By all means, stay right where you are. Believe me, you've found your proper place.

--Arid, plastic, suburban rube

Anonymous said...

Steve from Orlando said

> NYC liberals actually pro-create? I thought they were all gay or DINKs. <

Nobody said Jewish mommas aren't still poppin' 'em out.

Steve Wood said

> I understand why a 25-year-old wants to live in the city. I can't figure out why anyone over 30 with children would want to. <

Remember what bank robber Willie Sutton said. "Because that's where the money is."

> I live in a town with a top-10 public school system. The town is very affluent, of course, and overwhelmingly white [...T]he schools contain a full complement of the usual school types - jocks, nerds, outsiders, preppies, theater types. Kids who go through the local school system will not be exposed to Diversity (upper-case "D"), but they will meet a much wider range of people <

An interesting point. I believe whites are much more diverse in the genuine sense than NAMs are. Despite the Orwellian use of the word "vibrant" to describe the latter, they all seem to me to have a boring sameness and mediocrity.

Anonymous said

> Living outside of [urban] civilization is fine for people who like that, but for those of us who want to be part of a polis it sucks. <

Most people embrace the city for money and entertainment, and hate having to live "asses and elbows" with other people. From Thomas Jefferson on, the usual American take on city living is that "the polis" (I guess you just mean bunches of people, since suburbia and rural areas have local government) is precisely what's oppressive about it; it's a necessary evil to be endured in order to obtain economic values - a finer division of labor, larger economies of scale - but no attraction. That's why most people, after they make their money in the city, retire to the country. (New Yorkers have Florida, though weather is a large factor in choosing that particular destination.) I am reminded of what's said about American pioneer Daniel Boone: whensoever he saw the smoke of a new chimney miles away on the horizon, he would consider his place too crowded to live in any longer, and move. Question: how can you stand the constant noise, for one thing? Do you use earplugs in the City That Never Sleeps or what?

Anonymous said...

If you are the kind of the person (generally white ethnic and Catholic) who needs a high level of social interaction.

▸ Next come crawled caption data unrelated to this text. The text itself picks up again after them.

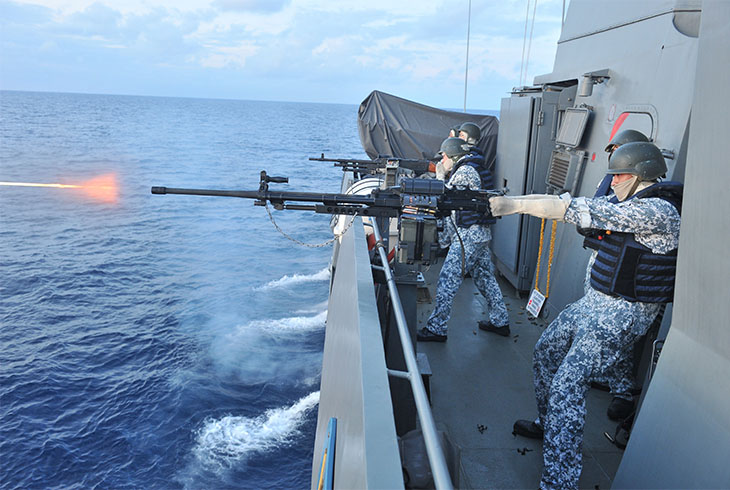 Singapore Navy soldiers firing on board one of the frigate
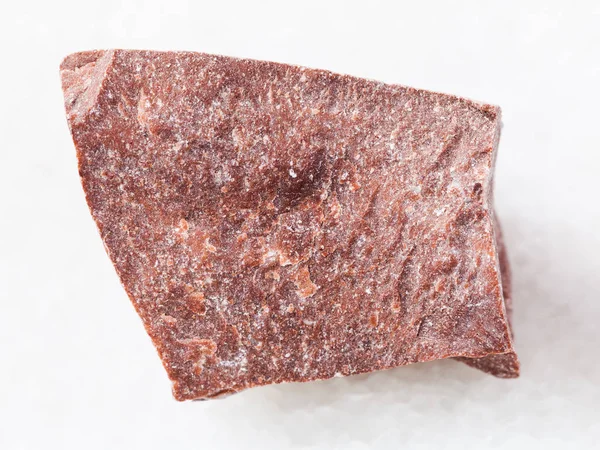 Piece of raw red marble stone on white — Stock Photo, Image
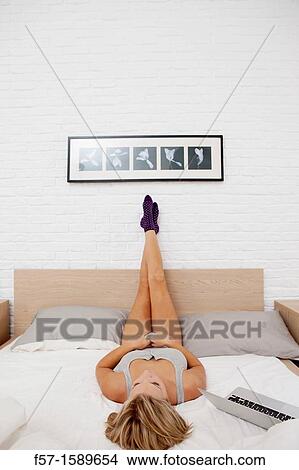 Young woman relaxing on her bed on her laptop View Large Photo Image Picture - Young woman relaxing on her bed on her laptop. Fotosearch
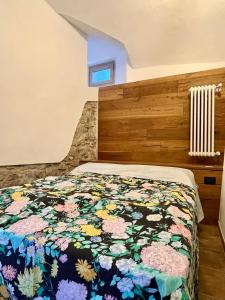 a bedroom with a bed with a floral blanket at BnB Tana del Gufo in Abbadia Lariana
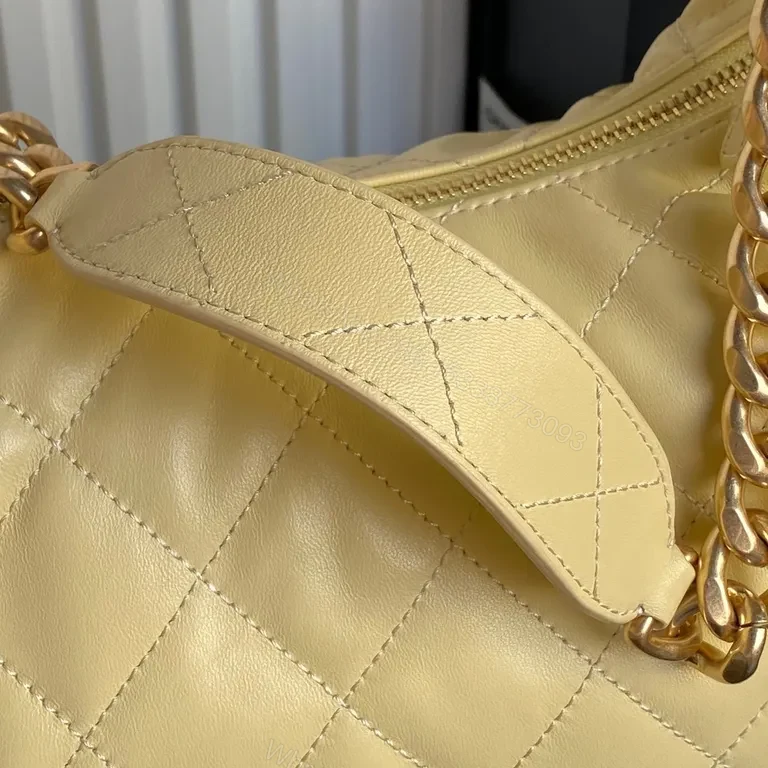 View 4 of Chic Quilted Weekender Bag in Soft Yellow with Gold Chain Handles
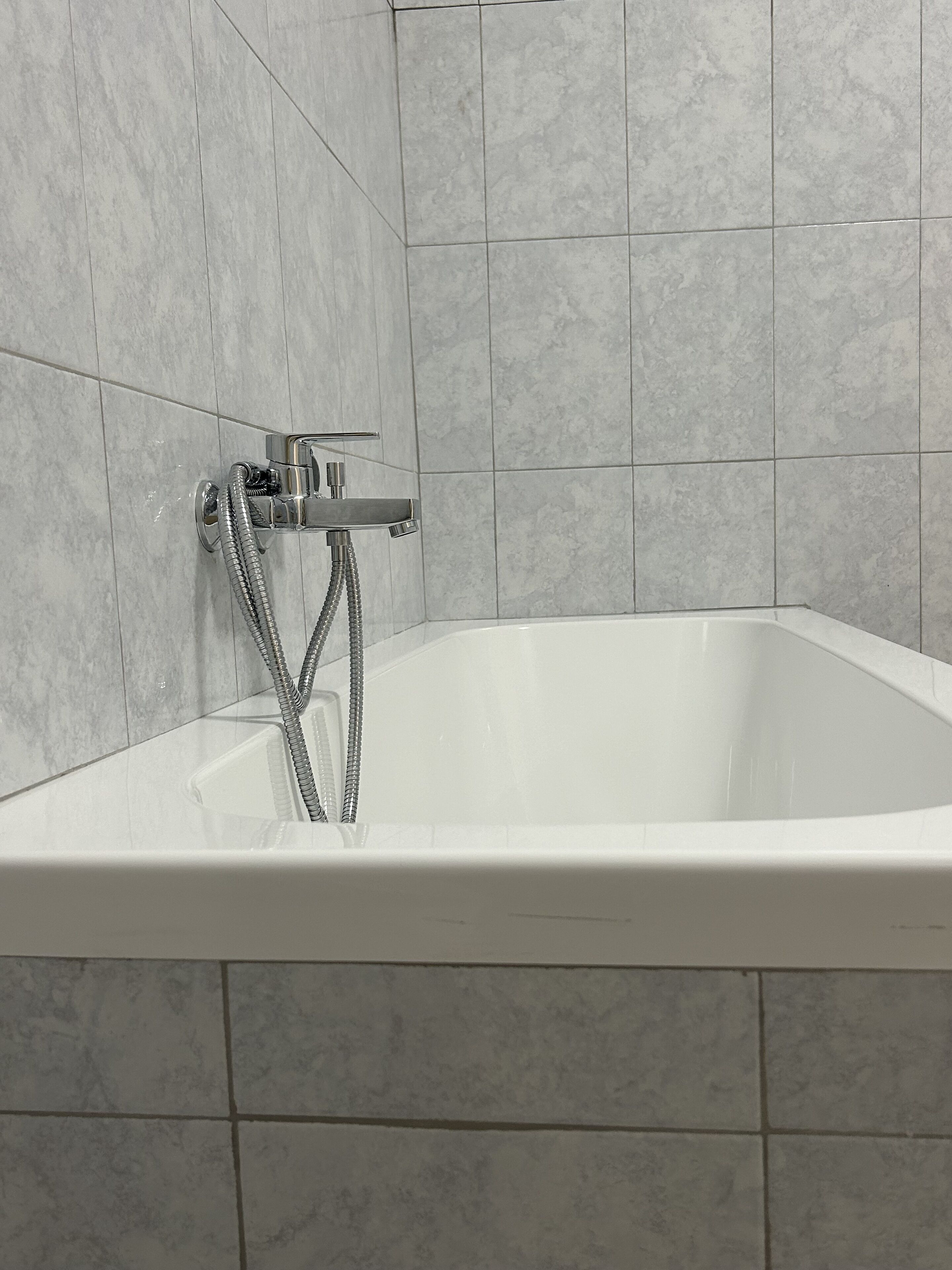 A modern bathroom with a freestanding bathtub, chrome fixtures, and tiled walls.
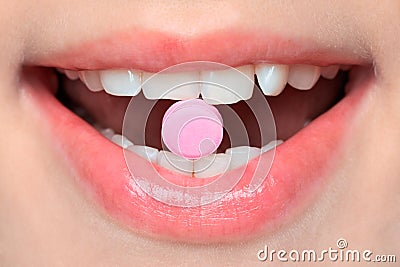 Pill in mouth Stock Photo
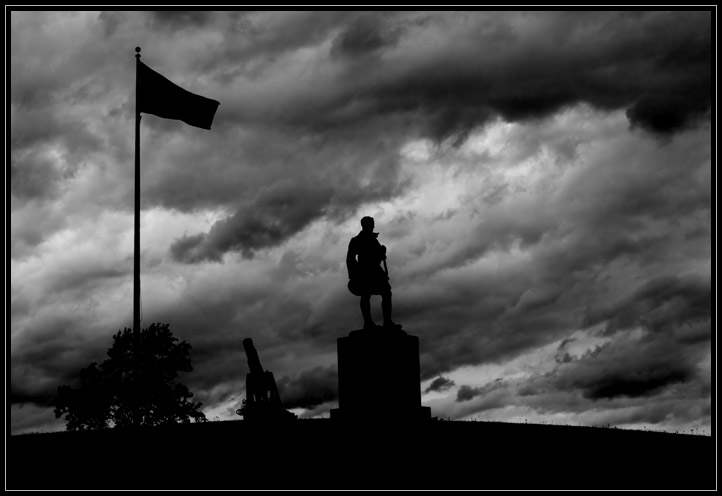 Storm clouds behind the war memorial in Pine Grove Cemetary, Lynn, MA (US).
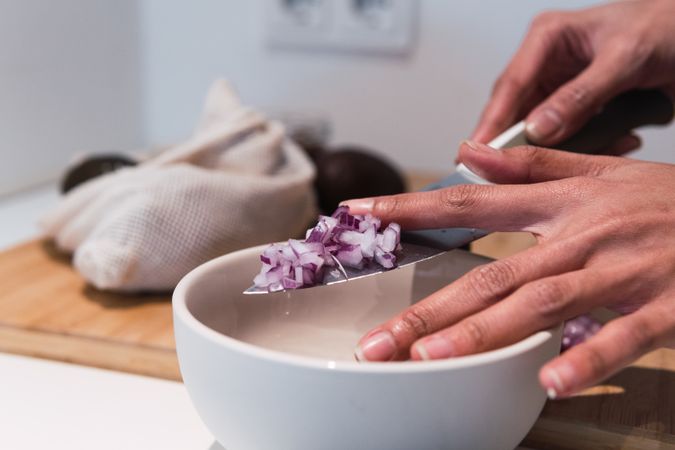 Crop woman cutting onion in kitchen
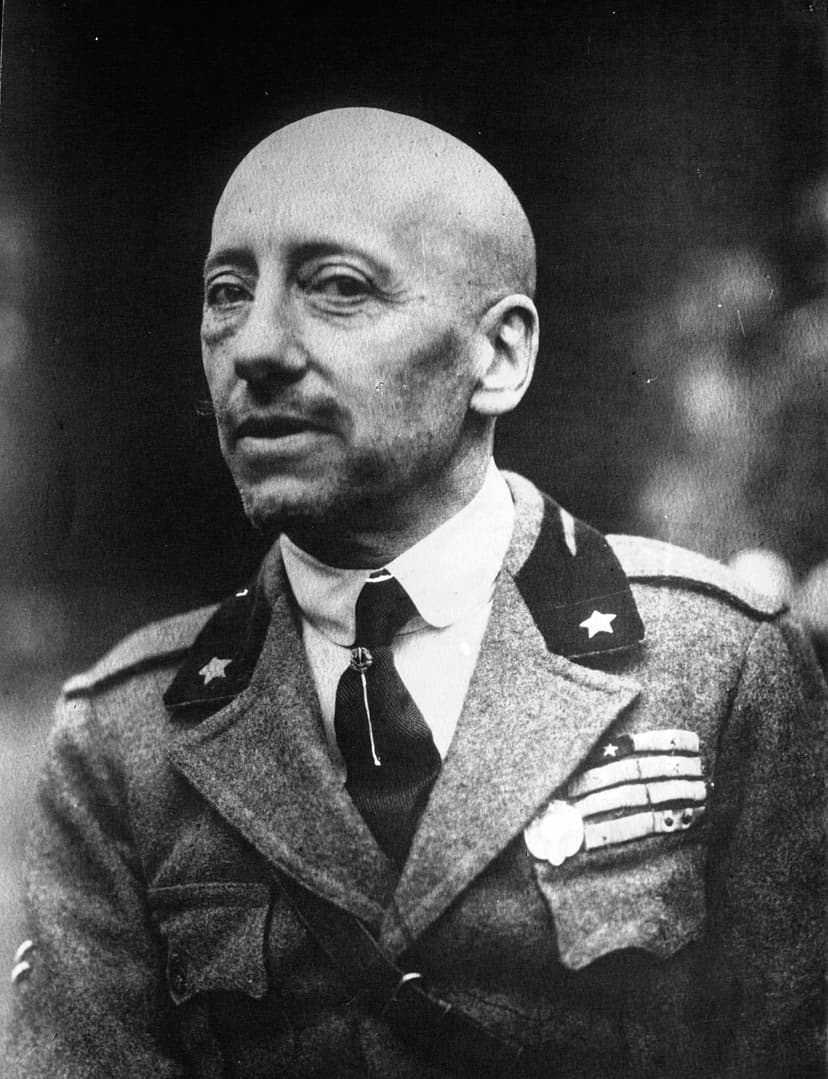 A black and white photo of a man in uniform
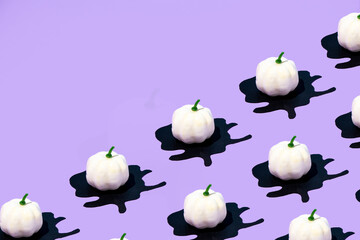 Creative layout of a white pumpkin with black blood on a lilac background. Minimal, fashion, surreal idea, holiday trendy concept for Halloween.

Would that include the Irish?

In the RoI there is only one large city - Dublin.

Much of the population is spread around small rural villages which are smaller and less densely populated than an American suburb.

Furthermore most Irish immigrants historically would have come from these scattered, isolated village communities. Which were even more representitive of Ireland in the past than now.

OhioStater said...

Well, these kids will all end up in academia since these kids will end up with poor social skills, and will need to associate with people like themselves to neuter this personality disadvantage.

Rather than playing with other kids, these kids are studying by themselves which will hurt them down the line since they have no experience dealing with people, or working with people.

Remember "new white flight" article about white families fleeing Asians since the Asians work too hard at school, raising the academic bar, leaving no time for sports?

Well the white kids moving away will have lower test scores (as you've shown) than the Asian kids, but the white kids will end up as better natural leaders, kinda like Charlie Croker, making the smart kids to do work for the jocks, kinda like JoJo Johannson.

Or the smart kids can go into academia.

Middletown Girl said...

"Well, these kids will all end up in academia since these kids will end up with poor social skills, and will need to associate with people like themselves to neuter this personality disadvantage."

Social skills such as what? Listening to Britney Spears with friend and wasting time?